18 / December
18 / December
The Washington Nationals, Brought To You By the Washington Locals

One of the most depressing aspects of Major League Baseball in recent years is the explosion of rent-a-players: Rickey Henderson, Roberto Alomar, Fred McGriff, Gary Sheffield, etc. Rooting for the home team becomes more difficult when every April we see more and more hometown favorites playing for the visiting team. Like other evils, money is the root of this.

But do the players take too much blame for what's wrong in baseball?

MLB made an agreement with the mayor of Washington, DC to bring baseball back to Washington in exchange for a baseball stadium funded entirely by the taxpayers of the nation's capital, of which I am one. Roughly, this project would cost a half-billion dollars. Every dime of it would come from the taxpayers.
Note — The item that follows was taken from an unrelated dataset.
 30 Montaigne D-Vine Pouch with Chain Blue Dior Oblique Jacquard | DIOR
As a taxpayer, I object to this. I find subsidizing third-generation welfare recipients objectionable, so why would the mayor of my city believe that I'd be okay with subsidizing Nick Johnson, Tomo Okha, and Jose Vidro? As a participant in the democratic process, I object to this. The city council, rather than the mayor, allocates money. Why didn't Major League Baseball go to them?

The DC city council has made a concessionary proposal. They've asked for private sources to fund about one-third of the costs. Is this too much to ask? San Francisco's baseball stadium is funded entirely by private sources, after all.
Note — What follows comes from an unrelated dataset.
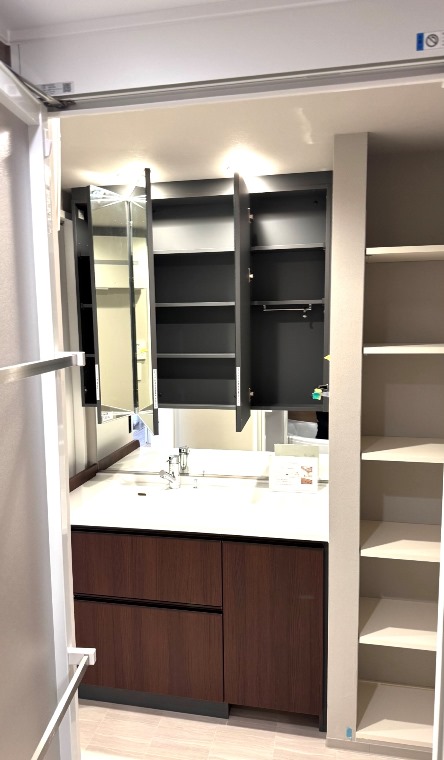 洗面設備　使いやすい洗面所です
While the local liberal uproar has more to do with outrage over uprooting gay strip-clubs that stand in the way of a prospective stadium, one can't define one's position based on the motives of low individuals. They're right to oppose the public financing of the stadium--just for the wrong reasons. If a Catholic church, rather than a series of gay bars, stood in the way of the home of the Washington Nationals, my sense is that the DC liberals would be all for this corporate welfare. My wife got the automated calls from the shady front group for pornographers opposing the tax-funded stadium, and yet we both still agree with these weirdos.

If the third incarnation of a Major League Baseball in Washington, DC takes the field at my expense this April, I at least demand my name on the back of their jerseys as is traditionally done in little league, A-league softball, and other bush league ventures relying on sponsors. Anything else would be a fraud, as the Washington Nationals' primary source of income would not be ticket sales, a television contract, or merchandising, but my tax money--coupled with the tax money of a few hundred thousand of my neighbors.

posted at 03:15 AM
Comments

I hear Chico's Bail Bonds is looking to sponsor a new club, however there is a string attached, Engelberg has to be the backstop.

Posted by: Morris on December 18, 2004 11:52 AM

Huh? You mean DC has taxpayers?

Posted by: Brian on December 18, 2004 12:21 PM

Dan, I think you've got this one wrong. Thomas Boswell, sports writer for the Washington Post, who has proven a extremely informed and insightful observer of the baseball scene over the years, wrote the following last week:


"Council members claim they are protecting citizen tax dollars when they know that not one cent of public money is earmarked for the Anacostia waterfront project. All funds to back the bonds to build the park will come from the team's new owners (rich), the top 11 percent of local Washington businesses (prosperous) and fans who attend games (many affluent). As for the District's pot of money collected through taxes -- called "the general fund" -- not a cent would be taken out of it.

As a bonus, more than 80 percent of Nationals fans, about two million a year, would come from the suburbs and spend tens of millions of discretionary entertainment dollars in the District.

Cropp and others on the council, like Adrian Fenty and David Catania, realize all this. They just don't want the public to figure it out. They prefer to round up cheap votes for themselves by bashing baseball rather than bringing a team back to Washington, bringing urban development to a blighted area and adding millions of dollars to the city's tax base."